Gegen die damit provozierte Miteinbeziehung des in den Lehrbüchern meist ausdrücklich oder stillschweigend ausgeklammerten «menschlichen Elements» in den Kreis der ökonomischen Forschungsgegenstände besteht in der Wirtschaftswissenschaft bisher noch überwiegend ein ausgesprochenes Vorurteil. Die Verfechter einer angeblich «exakten» ökonomischen Theorie lassen sich nur zu leicht dazu verleiten, das psychologische Gebiet überheblich als «happy hunting ground of the charlatan and the quack» abzutun[*] oder es den «minds averse to the effort of exact thought» zu überlassen.[*] Zum mindesten beherrscht bewußt oder unbewußt die Grundkonzeption des rational handelnden «homo oeconomicus» die Theorie noch so weit, daß sie es der Zukunft zuschiebt, andere als die rationalen Handlungsweisen zu erforschen, «when the technique of economic analysis will be sufficiently advanced to analyse the results of neuroses and confused thinking».[*] Auf der anderen Seite führt jedes Modell des Wirtschaftsablaufs unter bewußt abstrakt gehaltenen Voraussetzungen zu einem Punkt, an dem sich dieser Voraussetzungskreis als zu eng erweist. Die determinierende Rolle des menschlichen Verhaltens und, in der tieferen Schicht, der Determinanten eben dieses Verhaltens sind in der Wirtschaftswissenschaft allzulange vernachlässigt worden. Wer «reine» Wirtschaftstheorie formuliert, versucht wie Alice im Wunderland ohne fixierte Punkte Krocket zu spielen;[*] die festen Punkte, die uns dabei fehlen, sind die «Gesetze der menschlichen Natur», m.a.W. die Konstanten des Verhaltens der wirtschaftenden Menschen, um die sich die Verhaltensforschung bemühen muß.
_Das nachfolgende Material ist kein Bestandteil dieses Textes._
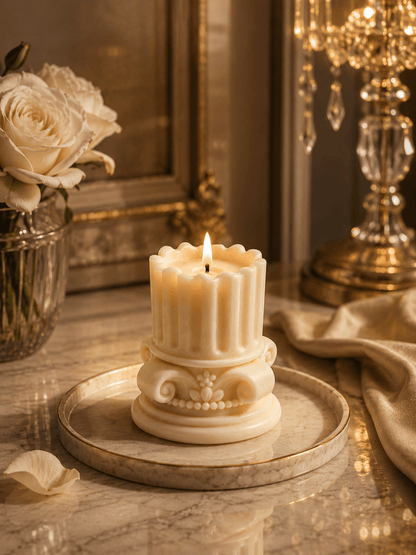 Frosted Fondant Luxury Soy Wax Pillar Candle - Vyomas Decor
Die ablehnende Haltung der modernen Wirtschaftstheorie gegen die Einbeziehung des «menschlichen Elements» ist um so verwunderlicher, als am Anfang der Nationalökonomie eine sehr entschiedene Neigung zu «psychologischen» Hypothesen bestand. Adam Smith hielt bekanntlich seine Theorie der ethischen Gefühle für wesentlich bedeutender als sein späteres wirtschaftswissenschaftliches Werk;[*] Ricardos Vorstellung vom wirtschaftenden Menschen fußte auf der handfesten utilitaristischen Psychologie Benthams, und noch lange hat der Hedonismus zu einer Zeit, als er in der Philosophie und Psychologie längst überwunden war,[*] die Auffassungen der Ökonomen vom menschlichen Handeln maßgebend bestimmt. So baute Jevons die Grenznutzenlehre noch ganz auf den alten hedonistischen Grundvorstellungen auf, die, wie bei Ricardo, darin gipfeln, daß das größte Gesamtwohl erreicht wird, wenn jedes Individuum einem Maximum an Lust oder doch einem Minimum an Unlust zustrebt. O. Morgenstern hat darauf hingewiesen, daß es an der Sache nichts ändert, wenn man «Lust» mit «Nutzen» oder «Nutzen» mit «Ophelimität» (Pareto) oder die «Nutzenrechnung» schlechthin mit «Rechnung» bezeichnet; Alfred Marshall, der die Nationalökonomie sogar allen Ernstes als einen Sonderzweig der Psychologie ansah, ersetzte freilich in seinen «Principles» lediglich das Wort «pleasure» durch «satisfaction», «as if such verbal changes cleaned his skirts of hedonism».[*]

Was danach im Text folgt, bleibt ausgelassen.